> [LISTED RECORDS]:
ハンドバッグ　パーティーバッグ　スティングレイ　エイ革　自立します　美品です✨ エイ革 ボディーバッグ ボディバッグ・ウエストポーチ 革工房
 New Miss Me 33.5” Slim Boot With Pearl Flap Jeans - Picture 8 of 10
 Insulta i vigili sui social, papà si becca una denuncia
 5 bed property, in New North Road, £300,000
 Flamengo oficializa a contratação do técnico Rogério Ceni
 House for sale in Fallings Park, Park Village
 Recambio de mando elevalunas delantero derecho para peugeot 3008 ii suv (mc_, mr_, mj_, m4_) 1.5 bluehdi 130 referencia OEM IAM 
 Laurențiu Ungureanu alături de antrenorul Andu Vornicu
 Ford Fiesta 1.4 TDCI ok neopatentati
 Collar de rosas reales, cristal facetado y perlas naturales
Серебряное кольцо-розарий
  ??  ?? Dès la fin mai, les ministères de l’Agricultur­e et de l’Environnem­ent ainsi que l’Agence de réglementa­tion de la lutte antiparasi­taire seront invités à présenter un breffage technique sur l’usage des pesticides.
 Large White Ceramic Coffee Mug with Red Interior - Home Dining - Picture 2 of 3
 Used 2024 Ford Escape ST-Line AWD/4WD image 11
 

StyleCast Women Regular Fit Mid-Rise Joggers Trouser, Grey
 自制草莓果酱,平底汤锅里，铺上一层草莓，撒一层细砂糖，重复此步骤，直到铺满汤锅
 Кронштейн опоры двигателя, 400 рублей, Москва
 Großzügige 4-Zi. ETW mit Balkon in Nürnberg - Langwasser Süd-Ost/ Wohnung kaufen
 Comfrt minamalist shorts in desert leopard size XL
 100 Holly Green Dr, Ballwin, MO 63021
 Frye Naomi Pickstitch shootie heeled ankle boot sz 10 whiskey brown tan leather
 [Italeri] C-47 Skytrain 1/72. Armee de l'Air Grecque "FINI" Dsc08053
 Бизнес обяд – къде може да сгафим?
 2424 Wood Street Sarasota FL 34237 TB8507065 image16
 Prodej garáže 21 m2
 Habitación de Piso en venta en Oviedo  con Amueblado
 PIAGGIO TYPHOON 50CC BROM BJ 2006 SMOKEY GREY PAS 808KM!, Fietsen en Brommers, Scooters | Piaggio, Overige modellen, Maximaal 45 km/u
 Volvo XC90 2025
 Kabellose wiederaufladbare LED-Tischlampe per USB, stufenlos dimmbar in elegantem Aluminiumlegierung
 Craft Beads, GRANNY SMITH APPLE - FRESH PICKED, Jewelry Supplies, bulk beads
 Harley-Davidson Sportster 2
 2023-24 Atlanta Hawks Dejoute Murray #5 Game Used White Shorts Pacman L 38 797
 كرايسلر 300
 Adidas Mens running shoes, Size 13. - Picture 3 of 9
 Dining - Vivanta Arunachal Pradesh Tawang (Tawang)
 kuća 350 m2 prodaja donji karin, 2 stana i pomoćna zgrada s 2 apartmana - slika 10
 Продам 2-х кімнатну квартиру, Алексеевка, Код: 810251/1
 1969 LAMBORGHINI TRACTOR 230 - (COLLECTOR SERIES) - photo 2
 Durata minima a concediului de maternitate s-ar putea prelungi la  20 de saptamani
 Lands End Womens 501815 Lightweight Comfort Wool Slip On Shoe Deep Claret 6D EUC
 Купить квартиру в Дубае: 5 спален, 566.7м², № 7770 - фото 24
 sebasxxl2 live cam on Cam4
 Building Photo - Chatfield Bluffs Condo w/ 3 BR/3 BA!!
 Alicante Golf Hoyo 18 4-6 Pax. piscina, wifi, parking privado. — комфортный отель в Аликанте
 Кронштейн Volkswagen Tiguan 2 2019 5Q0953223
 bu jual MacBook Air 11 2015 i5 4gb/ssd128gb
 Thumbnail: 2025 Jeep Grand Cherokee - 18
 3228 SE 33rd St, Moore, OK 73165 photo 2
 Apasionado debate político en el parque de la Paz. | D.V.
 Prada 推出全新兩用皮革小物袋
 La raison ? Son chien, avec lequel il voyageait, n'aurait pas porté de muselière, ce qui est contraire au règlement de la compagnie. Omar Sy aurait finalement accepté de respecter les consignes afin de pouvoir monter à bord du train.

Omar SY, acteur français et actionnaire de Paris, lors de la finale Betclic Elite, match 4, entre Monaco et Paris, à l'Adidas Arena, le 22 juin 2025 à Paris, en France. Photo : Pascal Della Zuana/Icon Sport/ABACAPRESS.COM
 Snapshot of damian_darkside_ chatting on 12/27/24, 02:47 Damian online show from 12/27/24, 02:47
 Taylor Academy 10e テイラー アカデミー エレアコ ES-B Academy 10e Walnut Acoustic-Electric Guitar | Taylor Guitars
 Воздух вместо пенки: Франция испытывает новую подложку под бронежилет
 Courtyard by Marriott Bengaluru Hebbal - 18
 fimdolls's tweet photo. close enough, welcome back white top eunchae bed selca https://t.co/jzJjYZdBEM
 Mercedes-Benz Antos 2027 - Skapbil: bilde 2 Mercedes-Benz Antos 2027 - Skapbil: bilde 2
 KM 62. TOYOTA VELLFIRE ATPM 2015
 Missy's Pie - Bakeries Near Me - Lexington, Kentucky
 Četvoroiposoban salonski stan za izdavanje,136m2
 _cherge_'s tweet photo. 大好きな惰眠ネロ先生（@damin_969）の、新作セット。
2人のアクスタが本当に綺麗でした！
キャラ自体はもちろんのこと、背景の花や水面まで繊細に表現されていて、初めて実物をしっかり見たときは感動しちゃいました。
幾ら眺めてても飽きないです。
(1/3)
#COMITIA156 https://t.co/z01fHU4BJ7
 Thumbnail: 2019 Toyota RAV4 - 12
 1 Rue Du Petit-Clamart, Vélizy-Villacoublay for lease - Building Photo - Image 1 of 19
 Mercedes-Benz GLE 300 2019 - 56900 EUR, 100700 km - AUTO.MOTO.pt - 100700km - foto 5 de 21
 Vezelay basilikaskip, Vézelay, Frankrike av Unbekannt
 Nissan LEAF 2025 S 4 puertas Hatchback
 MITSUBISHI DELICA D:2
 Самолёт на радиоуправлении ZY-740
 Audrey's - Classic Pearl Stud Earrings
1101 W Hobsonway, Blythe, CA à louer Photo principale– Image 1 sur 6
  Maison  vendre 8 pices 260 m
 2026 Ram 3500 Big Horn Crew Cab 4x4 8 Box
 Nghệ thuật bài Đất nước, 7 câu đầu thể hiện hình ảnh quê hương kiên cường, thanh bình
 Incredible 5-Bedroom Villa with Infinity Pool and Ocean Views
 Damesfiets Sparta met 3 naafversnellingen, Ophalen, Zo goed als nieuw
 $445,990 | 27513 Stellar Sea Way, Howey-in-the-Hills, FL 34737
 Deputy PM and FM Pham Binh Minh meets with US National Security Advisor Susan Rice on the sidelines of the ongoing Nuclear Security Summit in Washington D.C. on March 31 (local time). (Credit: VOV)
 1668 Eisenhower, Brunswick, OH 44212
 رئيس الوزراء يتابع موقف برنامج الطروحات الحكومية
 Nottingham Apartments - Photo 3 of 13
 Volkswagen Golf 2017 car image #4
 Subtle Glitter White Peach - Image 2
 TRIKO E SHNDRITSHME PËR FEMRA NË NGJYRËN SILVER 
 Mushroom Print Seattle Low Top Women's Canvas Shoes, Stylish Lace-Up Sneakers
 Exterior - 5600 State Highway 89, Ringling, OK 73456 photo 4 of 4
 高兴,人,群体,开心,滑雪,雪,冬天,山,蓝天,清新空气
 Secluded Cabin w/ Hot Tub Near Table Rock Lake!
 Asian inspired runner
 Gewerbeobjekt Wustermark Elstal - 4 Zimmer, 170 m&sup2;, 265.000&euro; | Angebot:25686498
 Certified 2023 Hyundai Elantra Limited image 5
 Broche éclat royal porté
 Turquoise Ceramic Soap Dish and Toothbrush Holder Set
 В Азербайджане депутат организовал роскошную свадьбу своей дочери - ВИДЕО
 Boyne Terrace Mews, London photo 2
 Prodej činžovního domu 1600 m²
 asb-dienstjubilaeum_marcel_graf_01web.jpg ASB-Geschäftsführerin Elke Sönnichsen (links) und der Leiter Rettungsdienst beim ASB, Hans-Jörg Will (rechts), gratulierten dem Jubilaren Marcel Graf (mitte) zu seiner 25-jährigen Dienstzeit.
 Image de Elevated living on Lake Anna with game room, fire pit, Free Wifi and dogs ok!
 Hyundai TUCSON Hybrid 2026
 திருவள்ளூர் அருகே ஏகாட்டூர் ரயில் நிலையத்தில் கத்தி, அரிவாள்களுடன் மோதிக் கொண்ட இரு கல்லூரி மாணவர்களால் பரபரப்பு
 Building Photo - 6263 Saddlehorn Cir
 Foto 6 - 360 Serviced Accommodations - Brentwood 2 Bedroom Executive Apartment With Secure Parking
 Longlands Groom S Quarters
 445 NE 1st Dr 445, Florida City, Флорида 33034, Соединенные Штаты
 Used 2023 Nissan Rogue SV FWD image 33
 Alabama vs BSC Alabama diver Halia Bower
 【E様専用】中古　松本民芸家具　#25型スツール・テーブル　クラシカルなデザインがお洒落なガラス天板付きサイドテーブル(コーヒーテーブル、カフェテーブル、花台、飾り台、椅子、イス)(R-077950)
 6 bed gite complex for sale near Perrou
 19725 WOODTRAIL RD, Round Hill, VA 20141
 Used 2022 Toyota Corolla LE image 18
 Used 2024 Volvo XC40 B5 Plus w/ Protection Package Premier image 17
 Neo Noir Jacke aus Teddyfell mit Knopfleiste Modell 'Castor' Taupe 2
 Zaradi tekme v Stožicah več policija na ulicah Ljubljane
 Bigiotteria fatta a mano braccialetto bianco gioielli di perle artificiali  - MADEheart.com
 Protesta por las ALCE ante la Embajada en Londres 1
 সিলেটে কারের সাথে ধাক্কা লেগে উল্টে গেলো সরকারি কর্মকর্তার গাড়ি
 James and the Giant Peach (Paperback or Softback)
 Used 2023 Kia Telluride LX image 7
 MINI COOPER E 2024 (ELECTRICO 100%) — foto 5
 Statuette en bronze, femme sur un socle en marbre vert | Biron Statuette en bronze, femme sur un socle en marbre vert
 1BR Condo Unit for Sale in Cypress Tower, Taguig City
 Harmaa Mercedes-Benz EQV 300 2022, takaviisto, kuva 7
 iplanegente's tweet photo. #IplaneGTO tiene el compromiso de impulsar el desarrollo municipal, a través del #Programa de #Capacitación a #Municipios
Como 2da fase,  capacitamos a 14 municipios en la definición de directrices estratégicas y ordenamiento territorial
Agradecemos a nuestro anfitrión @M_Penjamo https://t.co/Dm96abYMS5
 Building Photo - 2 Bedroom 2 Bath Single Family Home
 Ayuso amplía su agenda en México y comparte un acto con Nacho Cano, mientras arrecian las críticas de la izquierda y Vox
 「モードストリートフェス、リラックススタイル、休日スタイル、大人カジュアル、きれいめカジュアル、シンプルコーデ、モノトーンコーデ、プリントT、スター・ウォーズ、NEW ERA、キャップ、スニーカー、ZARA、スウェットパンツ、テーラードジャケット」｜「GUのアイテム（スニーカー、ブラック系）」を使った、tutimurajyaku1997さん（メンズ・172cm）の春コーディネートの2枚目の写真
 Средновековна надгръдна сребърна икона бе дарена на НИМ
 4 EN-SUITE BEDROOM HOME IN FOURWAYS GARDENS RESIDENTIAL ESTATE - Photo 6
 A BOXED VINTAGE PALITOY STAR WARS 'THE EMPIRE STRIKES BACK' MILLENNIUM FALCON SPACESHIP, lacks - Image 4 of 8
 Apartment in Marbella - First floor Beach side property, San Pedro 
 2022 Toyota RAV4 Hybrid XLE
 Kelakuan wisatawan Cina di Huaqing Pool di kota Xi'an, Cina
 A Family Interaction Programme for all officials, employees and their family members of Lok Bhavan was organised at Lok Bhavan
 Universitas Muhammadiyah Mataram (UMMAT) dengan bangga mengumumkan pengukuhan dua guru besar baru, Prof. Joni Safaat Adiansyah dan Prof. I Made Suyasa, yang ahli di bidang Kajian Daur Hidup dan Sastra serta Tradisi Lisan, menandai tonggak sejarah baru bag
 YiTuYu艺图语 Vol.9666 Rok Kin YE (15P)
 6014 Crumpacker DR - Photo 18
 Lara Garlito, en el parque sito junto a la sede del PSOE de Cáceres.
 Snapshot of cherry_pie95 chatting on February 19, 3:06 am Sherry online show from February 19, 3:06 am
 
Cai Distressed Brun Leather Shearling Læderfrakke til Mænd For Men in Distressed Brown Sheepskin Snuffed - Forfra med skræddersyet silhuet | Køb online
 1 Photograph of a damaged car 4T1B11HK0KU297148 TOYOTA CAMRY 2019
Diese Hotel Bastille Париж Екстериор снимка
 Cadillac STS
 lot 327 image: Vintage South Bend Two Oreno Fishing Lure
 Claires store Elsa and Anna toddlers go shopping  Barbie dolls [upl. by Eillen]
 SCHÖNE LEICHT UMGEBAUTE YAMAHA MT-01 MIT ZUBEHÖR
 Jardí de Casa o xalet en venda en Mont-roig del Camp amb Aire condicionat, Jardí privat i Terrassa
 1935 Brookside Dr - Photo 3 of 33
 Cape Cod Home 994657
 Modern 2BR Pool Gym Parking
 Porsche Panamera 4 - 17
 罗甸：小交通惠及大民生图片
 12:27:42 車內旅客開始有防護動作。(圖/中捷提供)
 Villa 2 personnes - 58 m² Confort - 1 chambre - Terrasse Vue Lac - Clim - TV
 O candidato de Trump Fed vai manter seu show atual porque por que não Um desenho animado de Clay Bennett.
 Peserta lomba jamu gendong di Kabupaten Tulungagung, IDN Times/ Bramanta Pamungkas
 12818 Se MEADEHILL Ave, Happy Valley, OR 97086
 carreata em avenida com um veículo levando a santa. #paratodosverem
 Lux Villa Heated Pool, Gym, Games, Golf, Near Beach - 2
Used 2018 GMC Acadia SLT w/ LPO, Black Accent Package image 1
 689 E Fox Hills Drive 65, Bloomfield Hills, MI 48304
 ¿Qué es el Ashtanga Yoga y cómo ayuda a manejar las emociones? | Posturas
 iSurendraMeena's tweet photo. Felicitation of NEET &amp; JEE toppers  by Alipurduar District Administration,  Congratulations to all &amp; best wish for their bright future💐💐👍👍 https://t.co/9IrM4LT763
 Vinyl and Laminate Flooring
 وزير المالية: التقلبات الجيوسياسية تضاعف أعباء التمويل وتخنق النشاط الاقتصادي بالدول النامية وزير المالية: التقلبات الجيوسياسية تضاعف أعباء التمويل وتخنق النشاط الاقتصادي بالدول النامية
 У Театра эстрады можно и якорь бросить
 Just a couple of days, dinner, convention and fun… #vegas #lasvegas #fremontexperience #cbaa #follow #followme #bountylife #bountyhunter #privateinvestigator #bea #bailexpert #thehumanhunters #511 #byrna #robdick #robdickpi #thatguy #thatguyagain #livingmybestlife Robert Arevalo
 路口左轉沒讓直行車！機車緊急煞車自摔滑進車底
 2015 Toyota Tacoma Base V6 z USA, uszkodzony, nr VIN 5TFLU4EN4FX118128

> [TO DO]: Everything from the line with "Incredible 5-Bedroom Villa" through the line with "seiner 25-jährigen Dienstzeit." should be written out exactly as it appears above, end lines included, and nothing outside that range.

> [ANSWER SPACE]:
 Incredible 5-Bedroom Villa with Infinity Pool and Ocean Views
 Damesfiets Sparta met 3 naafversnellingen, Ophalen, Zo goed als nieuw
 $445,990 | 27513 Stellar Sea Way, Howey-in-the-Hills, FL 34737
 Deputy PM and FM Pham Binh Minh meets with US National Security Advisor Susan Rice on the sidelines of the ongoing Nuclear Security Summit in Washington D.C. on March 31 (local time). (Credit: VOV)
 1668 Eisenhower, Brunswick, OH 44212
 رئيس الوزراء يتابع موقف برنامج الطروحات الحكومية
 Nottingham Apartments - Photo 3 of 13
 Volkswagen Golf 2017 car image #4
 Subtle Glitter White Peach - Image 2
 TRIKO E SHNDRITSHME PËR FEMRA NË NGJYRËN SILVER 
 Mushroom Print Seattle Low Top Women's Canvas Shoes, Stylish Lace-Up Sneakers
 Exterior - 5600 State Highway 89, Ringling, OK 73456 photo 4 of 4
 高兴,人,群体,开心,滑雪,雪,冬天,山,蓝天,清新空气
 Secluded Cabin w/ Hot Tub Near Table Rock Lake!
 Asian inspired runner
 Gewerbeobjekt Wustermark Elstal - 4 Zimmer, 170 m&sup2;, 265.000&euro; | Angebot:25686498
 Certified 2023 Hyundai Elantra Limited image 5
 Broche éclat royal porté
 Turquoise Ceramic Soap Dish and Toothbrush Holder Set
 В Азербайджане депутат организовал роскошную свадьбу своей дочери - ВИДЕО
 Boyne Terrace Mews, London photo 2
 Prodej činžovního domu 1600 m²
 asb-dienstjubilaeum_marcel_graf_01web.jpg ASB-Geschäftsführerin Elke Sönnichsen (links) und der Leiter Rettungsdienst beim ASB, Hans-Jörg Will (rechts), gratulierten dem Jubilaren Marcel Graf (mitte) zu seiner 25-jährigen Dienstzeit.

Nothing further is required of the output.